1. Field of the Invention
The present invention relates to data driving circuits, light emitting displays employing such data driving circuits and methods of driving the light emitting display. More particularly, the invention relates to a data driving circuit capable of displaying images with uniform brightness, a light emitting display using such a data driving circuit and a method of driving the light emitting display to display images with uniform brightness.
2. Description of Related Art
Flat panel displays (FPDs), which are generally lighter and more compact than cathode ray tubes (CRTs), are being developed. FPDs include liquid crystal displays (LCDs), field emission displays (FEDs), plasma display panels (PDPs) and light emitting displays.
Light emitting displays may display images using organic light emitting diodes (OLEDs) that generate light when electrons and holes recombine. Light emitting displays generally have fast response times and consume relatively low amounts of power.
FIG. 1 illustrates a schematic of the structure of a known light emitting display.
As shown in FIG. 1, the light emitting display may include a pixel unit 30, a scan driver 10, a data driver 20 and a timing controller 50. The pixel unit 30 may include a plurality of pixels 40 connected to scan lines S1 to Sn and data lines D1 to Dm. The scan driver 10 may drive the scan lines S1 to Sn. The data driver 20 may drive the data lines D1 to Dm. The timing controller 50 may control the scan driver 10 and the data driver 20.
The timing controller 50 may generate data driving control signals DCS and scan driving control signals SCS based on externally supplied synchronizing signals (not shown). The data driving control signals DCS may be supplied to the data driver 20 and the scan driving control signals SCS may be supplied to the scan driver 10. The timing controller 50 may supply data DATA to the data driver 20 in accordance with externally supplied data (not shown).
The scan driver 10 may receive the scan driving control signals SCS from the timing controller 50. The scan driver 10 may generate scan signals (not shown) based on the received scan driving control signals SCS. The generated scan signals may be sequentially supplied to the pixel unit 30 via the scan lines S1 to Sn.
The data driver 20 may receive the data driving control signals DCS from the timing controller 50. The data driver 20 may generate data signals (not shown) based on the received data DATA and data driving control signals DCS. Corresponding ones of the generated data signals may be supplied to the data lines D1 to Dm in synchronization with respective ones of the scan signals being supplied to the scan lines S1 to Sn.
The pixel unit 30 may be connected to a first power source ELVDD for supplying a first voltage VDD and a second power source ELVSS for supplying a second voltage VSS to the pixels 40. The pixels 40, together with the first voltage VDD signal and the second voltage VSS signal, may control the currents that flow through respective OLEDs in accordance with the corresponding data signals.
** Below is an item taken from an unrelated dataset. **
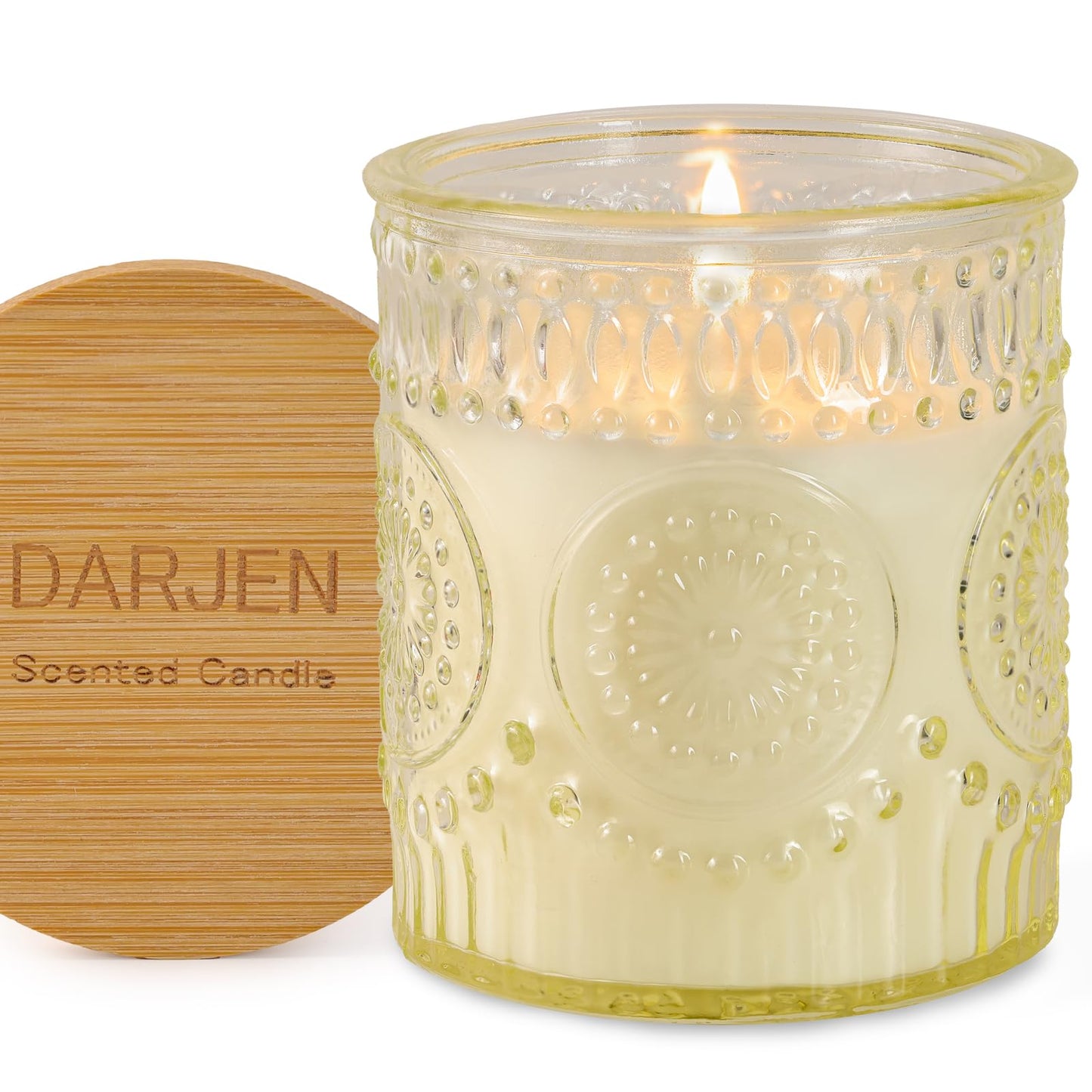 DARJEN Vanilla Candles for Home- 5.3oz 35H Natural Soy Wax Aromatherapy Jar Candle with Strong Scent, Decorative Aesthetic Candles for Living Room, Gathering, Kitchen, Luxury Gift for Women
The pixels 40 may thereby generate light based on the first voltage VDD signal, the second voltage VSS signal and the data signals.
In known light emitting displays, each of the pixels 40 may include a pixel circuit including at least one transistor for selectively supplying the respective data signal and the respective scan signal for selectively turning on and turning off the respective pixel 40 of the light emitting display.
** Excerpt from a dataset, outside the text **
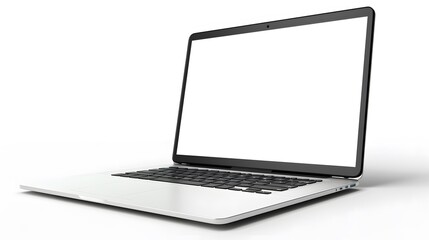 Wall Mural - Modern personal computer with blank white screen, keyboard, mobile phone and office accessories on desk at workplace of graphic designer, blogger. Electronic devices, technology and creativity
Each pixel 40 of a light emitting display is to generate light of predetermined brightness in response to various values of the respective data signals. For example, when the same data signal is applied to all the pixels 40 of the display, it is generally desired for all the pixels 40 of the display to generate the same brightness. The brightness generated by each pixel 40 is not, however, only dependent on the data signal, but is also dependent on characteristics of each pixel 40, e.g., threshold voltage of each transistor of the pixel circuit.
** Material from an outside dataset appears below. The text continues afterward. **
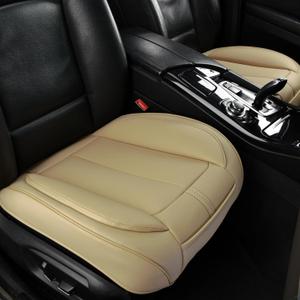 2 Pack Front Car Seat Cover Bottom Only Faux Leather, Anti-Slip Padded Seat Cushion, Full Wrap Seat Protector with Storage Function Fit 95% Cars, SUV, Pick-up Trucks (Beige)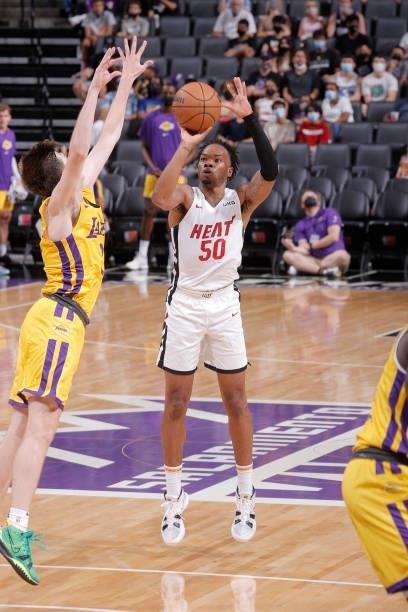 Javonte Smart of the Miami Heat shoots a three point basket against the Los Angeles Lakers during the 2021 California Classic Summer League on August...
Generally, there are variations in threshold voltage and/or electron mobility from transistor to transistor such that different transistors have different threshold voltages and electron mobilities. The characteristics of transistors may also change over time and/or usage. For example, the threshold voltage and electron mobility of a transistor may be dependent on the on/off history of the transistor.
Therefore, in a light emitting display, the brightness generated by each pixel in response to respective data signals depends on the characteristics of the transistor(s) that may be included in the respective pixel circuit. Such variations in threshold voltage and electron mobility may prevent and/or hinder the uniformity of images being displayed. Thus, such variations in threshold voltage and electron mobility may also prevent the display of an image with a desired brightness.
Although it may be possible to at least partially compensate for differences between threshold voltages of the transistors included in the pixels by controlling the structure of the pixel circuits of the pixels 40, circuits and methods capable of compensating for the variations in electron mobility are still needed. OLEDs that are capable of displaying images with uniform brightness irrespective of variations in electron mobility are also desired.